Retype every entry word for word. Omit the pictures.

+---+

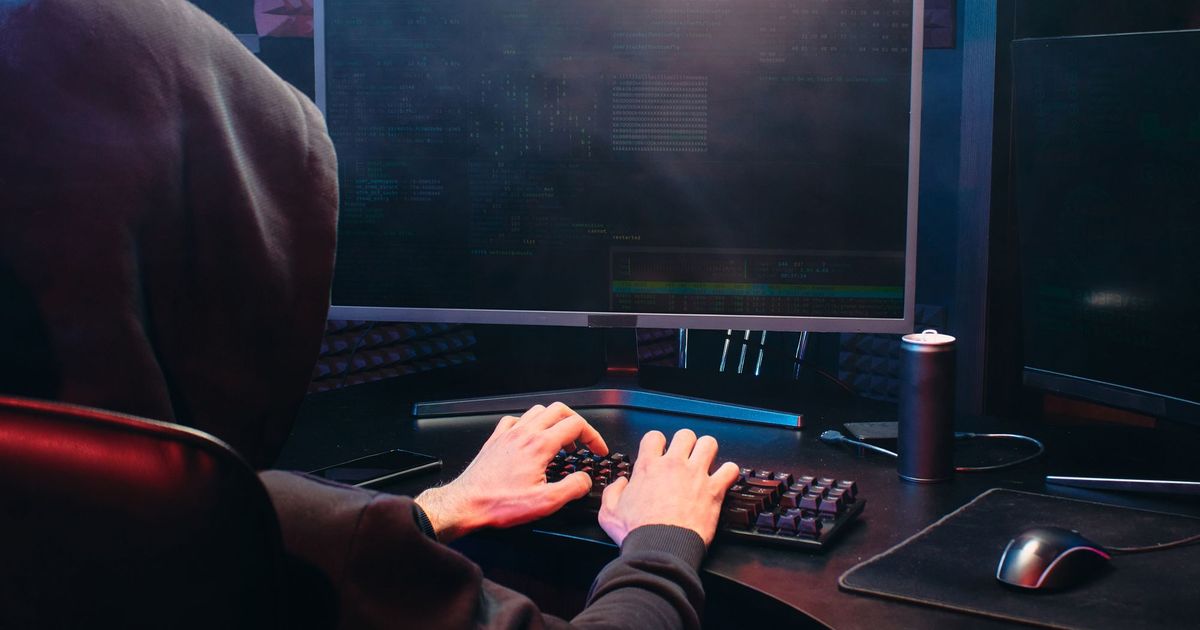 Persoon in een zwarte hoodie die typt aan een computer in een donkere kamer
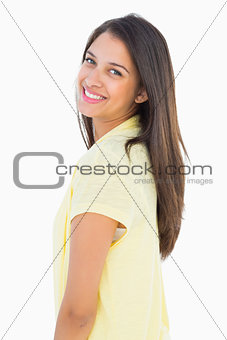 Happy casual woman smiling at camera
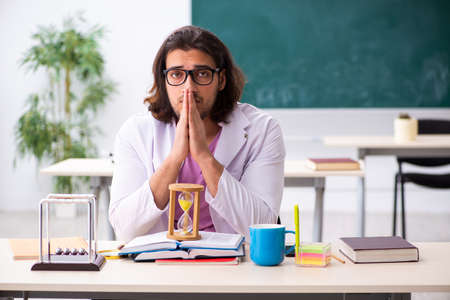 Young male physicist teacher in time management conceptの写真素材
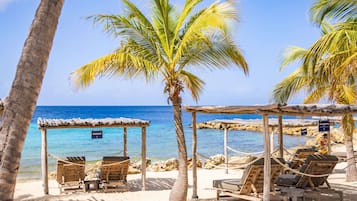 On the beach, white sand, sun loungers, beach umbrellas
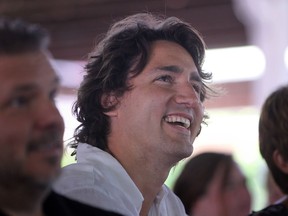 MP Justin Trudeau has a laugh while listening to MPP Dwight Duncan speak while at the Windsor-Essex Liberal BBQ at the Ciociaro Club, Saturday, Sept. 8, 2012. (DAX MELMER/The Windsor Star)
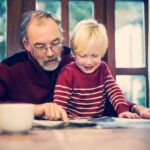 Grandad sitting with blonde haired toddler boy pointing at a book as if reading to them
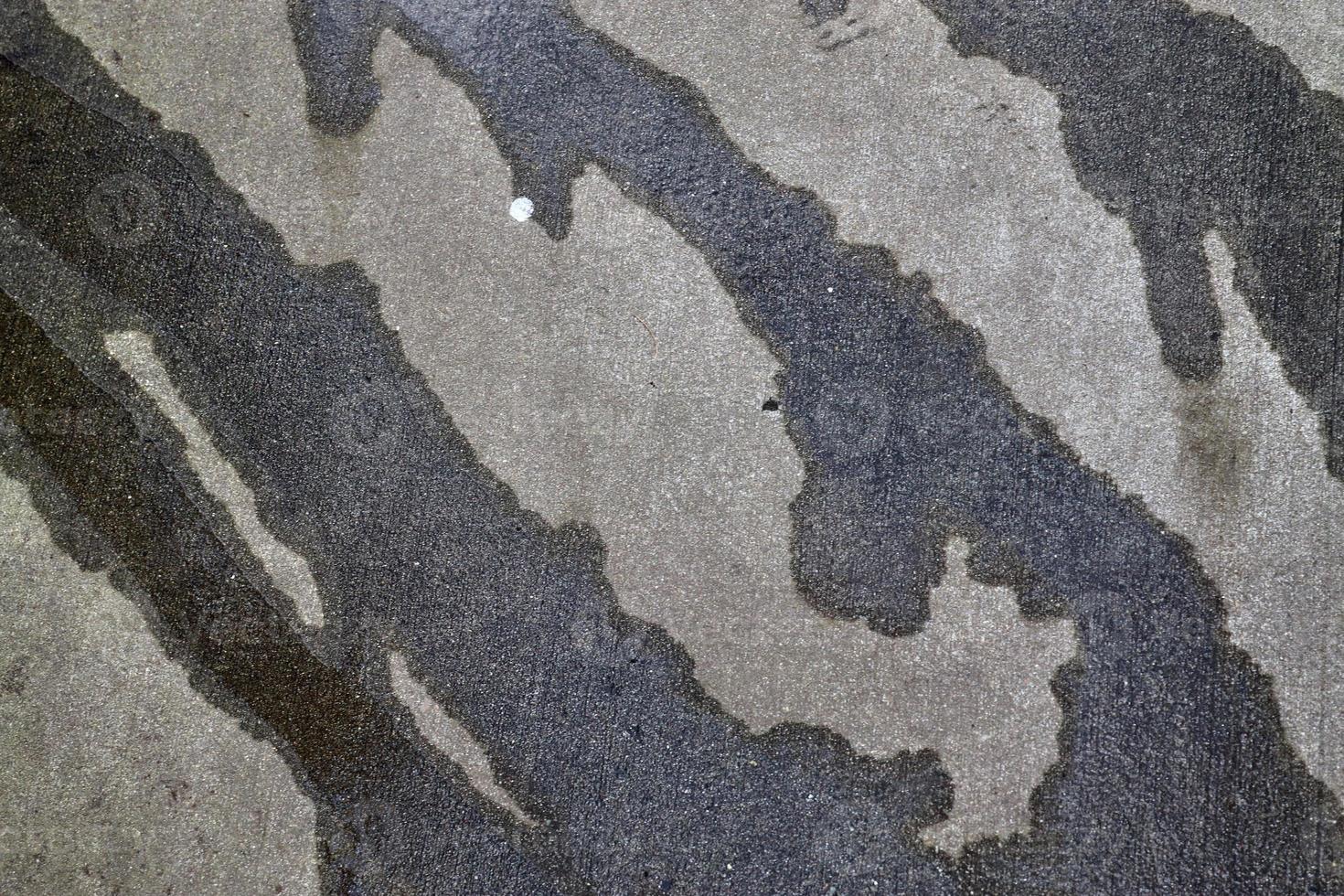 Detailed view on asphalt surfaces of different streets and roads with cracks photo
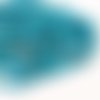 10-12 mm. donut howlite teintée. turquoise. fil env. 35 p.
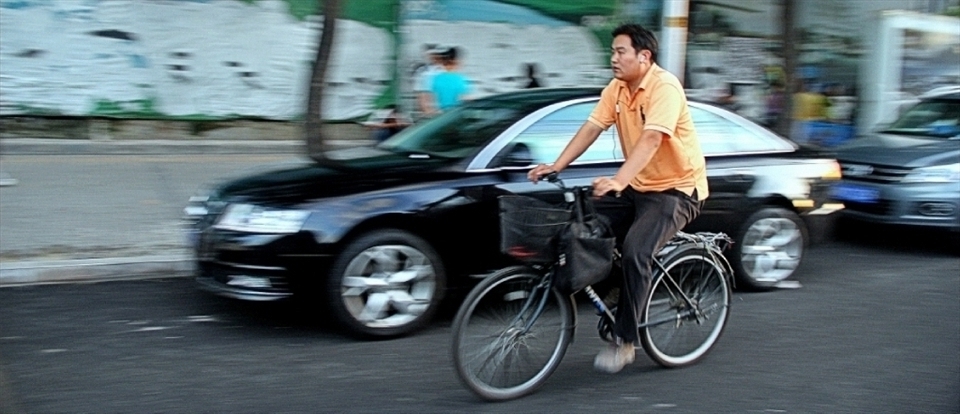 Anyone who has ever visited or lived in China would be hard pressed to imagine China without cyclists weaving in and out of the traffic. The bicycle is one symbol of China's ever changing relationship with the west. When bikes first made their appearance in China  they were welcomed with no more than apprehensive acceptance as a western oddity, now  however they are as common as chopsticks and rice. 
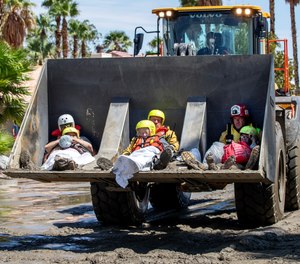Residents from Affinity Senior Living facility are held by firefighters in a frontloader while being brought to safety after floodwaters from Tropical Storm Hilary inundated Cathedral City.
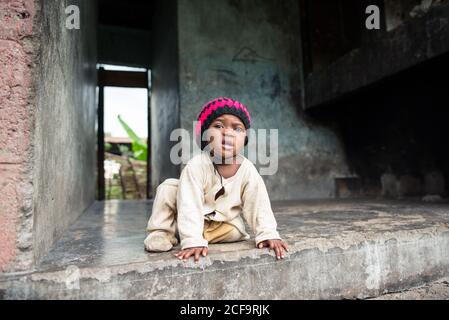 Uganda - November, 26 2016: Cute African baby in dirty pajama and knitted hat looking at camera while sitting inside uncompleted concrete building Stock Photo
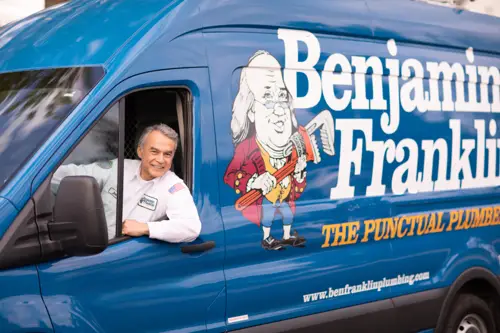 Benjamin Franklin Plumber, Mike, driving his work van onto a job site in Lakeland FL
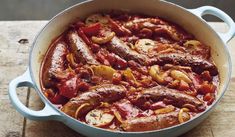 a blue pot filled with meat and vegetables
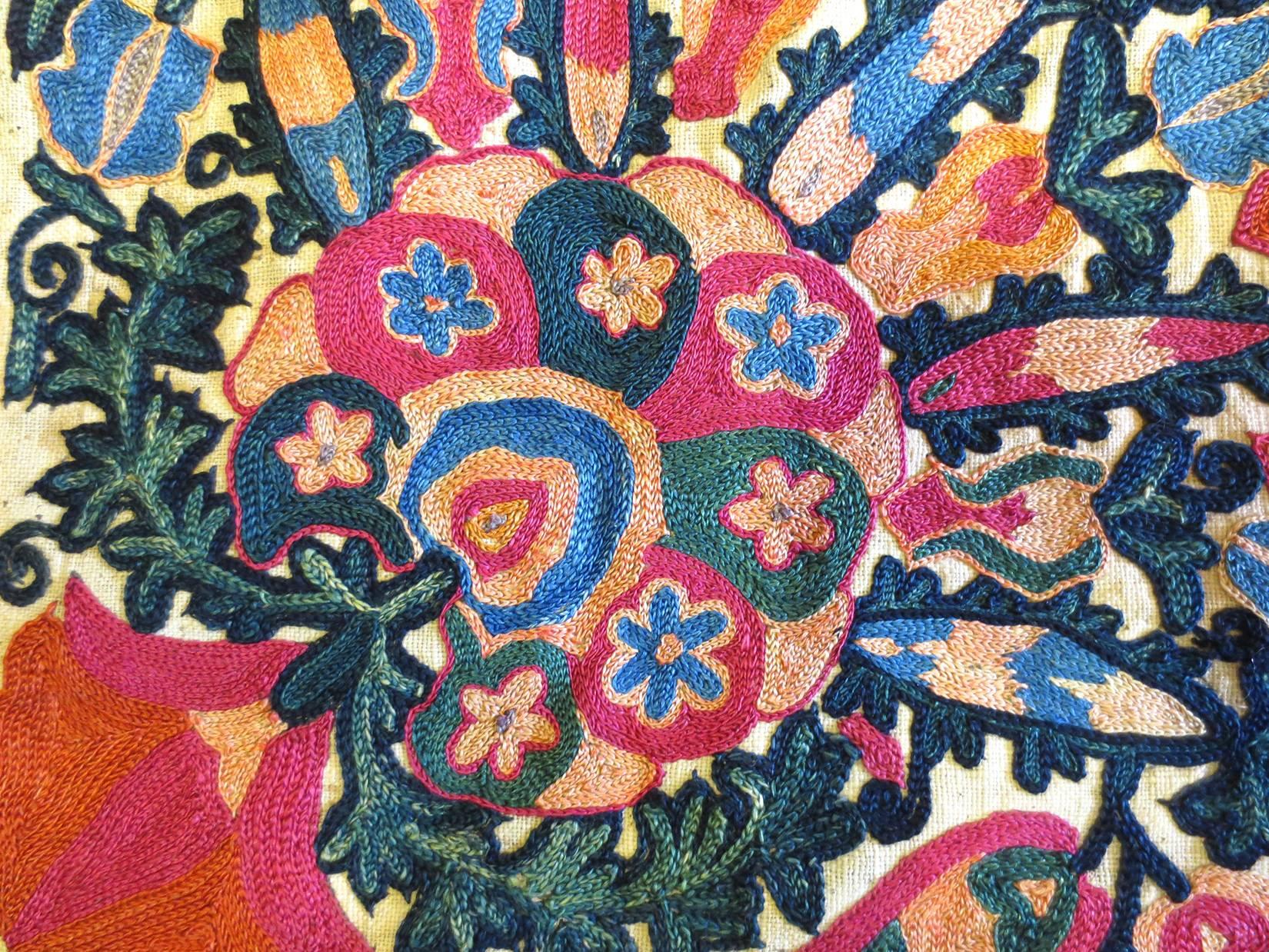 This is a lovely antique Suzani textile from Uzbekistan, circa 1850s, with silk embroidery on linen fabric.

+---+

• _Your solution_:
 Persoon in een zwarte hoodie die typt aan een computer in een donkere kamer
 Happy casual woman smiling at camera
 Young male physicist teacher in time management conceptの写真素材
 On the beach, white sand, sun loungers, beach umbrellas
 MP Justin Trudeau has a laugh while listening to MPP Dwight Duncan speak while at the Windsor-Essex Liberal BBQ at the Ciociaro Club, Saturday, Sept. 8, 2012. (DAX MELMER/The Windsor Star)
 Grandad sitting with blonde haired toddler boy pointing at a book as if reading to them
 Detailed view on asphalt surfaces of different streets and roads with cracks photo
 10-12 mm. donut howlite teintée. turquoise. fil env. 35 p.
 Anyone who has ever visited or lived in China would be hard pressed to imagine China without cyclists weaving in and out of the traffic. The bicycle is one symbol of China's ever changing relationship with the west. When bikes first made their appearance in China  they were welcomed with no more than apprehensive acceptance as a western oddity, now  however they are as common as chopsticks and rice. 
Residents from Affinity Senior Living facility are held by firefighters in a frontloader while being brought to safety after floodwaters from Tropical Storm Hilary inundated Cathedral City.
 Uganda - November, 26 2016: Cute African baby in dirty pajama and knitted hat looking at camera while sitting inside uncompleted concrete building Stock Photo
 Benjamin Franklin Plumber, Mike, driving his work van onto a job site in Lakeland FL
 a blue pot filled with meat and vegetables
 This is a lovely antique Suzani textile from Uzbekistan, circa 1850s, with silk embroidery on linen fabric.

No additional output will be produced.